Desde então a descoberta da Anestesia moderna, considerada uma das dez mais importantes em toda a história da Medicina, representou um salto quântico na humanização dos cuidados de saúde e possibilitou a evolução das próprias especialidades cirúrgicas pela realização de cirurgias cada vez mais complexas e demoradas e consequente melhoria das condições de ensino e transmissão de conhecimento. Por tal, o dia 16 de Outubro é anualmente comemorado como o Dia Mundial da Anestesiologia.
Da simples função de “adormecer” doentes, evoluiu-se para um conceito muito mais abrangente do médico especializado em zelar pela segurança clínica e conforto do doente submetido a qualquer procedimento invasivo ou doloroso, mediante a avaliação e optimização do estado de saúde antes da cirurgia, da adequada monitorização e equilíbrio das funções vitais durante a cirurgia e adequada recuperação do estado clínico após a cirurgia. Contudo, as funções atuais de um anestesiologista não se esgotam no trabalho no Bloco Operatório. A sua atividade estende-se aos Cuidados Intensivos, ao tratamento da Dor, à presença em situações de emergência médica ou sempre que haja necessidade de mitigar o sofrimento e o desconforto de um doente, resultante de procedimentos invasivos (como por exemplo, em colonoscopias ou broncoscopias) ou nas situações “naturais-mas-muito-dolorosas” de dores de trabalho de parto - e os leitores não imaginam quão gratificante é ver o rosto aliviado de agradecimento de uma grávida a quem debelamos as excruciantes dores de parto, por via de uma epidural.
Sempre focada na melhoria contínua dos seus processos pela análise de resultados obtidos, na incorporação da inovação tecnológica nas suas técnicas, nos fármacos e nos equipamentos utilizados e na humanização dos cuidados centrados na segurança e no conforto do doente, a Anestesiologia tornou-se numa das atividades humanas mais seguras da atualidade, com o nível de risco de eventos adversos comparável ao de outras “high reliability organizations” como a aviação civil ou a indústria nuclear.
Contudo, o risco associado a qualquer ato anestésico depende quer do tipo de cirurgia, quer das doenças associadas de cada doente. Por tal, é muito importante que todo o doente proposto para uma cirurgia programada seja observado previamente numa consulta de Anestesiologia, para que possa ser avaliado e otimizado na sua condição clínica, mas acima de tudo, para que possa falar com o seu médico anestesiologista, esclarecendo todas as dúvidas, todos os “medos”, discutindo os riscos das diferentes opções técnicas, para depois se definir um plano anestésico adequado e personalizado.
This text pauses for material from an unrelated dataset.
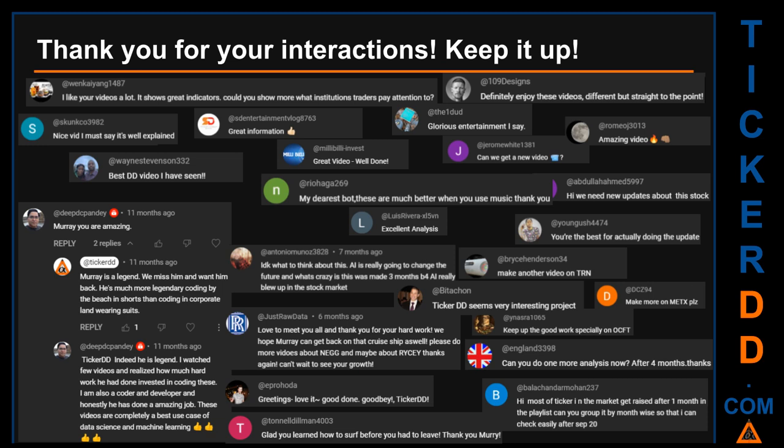Thank you for your interactions — keep going. Let us know in the comments what you think about this ticker and what your target price is. Here are some comments we have enjoyed reading: 'Best DD video I have seen,' 'Definitely enjoy these videos — different but straight to the point,' 'Very nice video, I must say it is well explained,' and 'Glorious entertainment.' Thank you again for your feedback — please keep them coming.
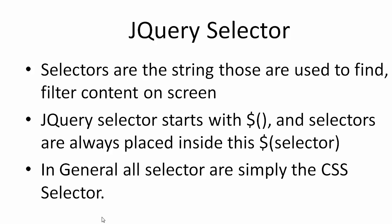Wherever we use these selectors, they are always placed inside a function that starts with a dollar sign ($) with one parenthesis. In most cases, these selectors are simply CSS selectors. Let's see a simple example.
Tudo para que a segurança e o conforto façam parte da experiência irrepreensível de qualquer doente cirúrgico e para que cada vez mais pessoas (sejam crianças de 6 anos ou graúdos com muitas décadas) possam conhecer e confiar no seu médico anestesiologista como o “farol” que as cuidará e guardará na sua “travessia” cirúrgica.
Um artigo do médico Vítor Pinho Oliveira, Anestesiologista no Centro Hospitalar Tondela-Viseu e no Hospital CUF Viseu.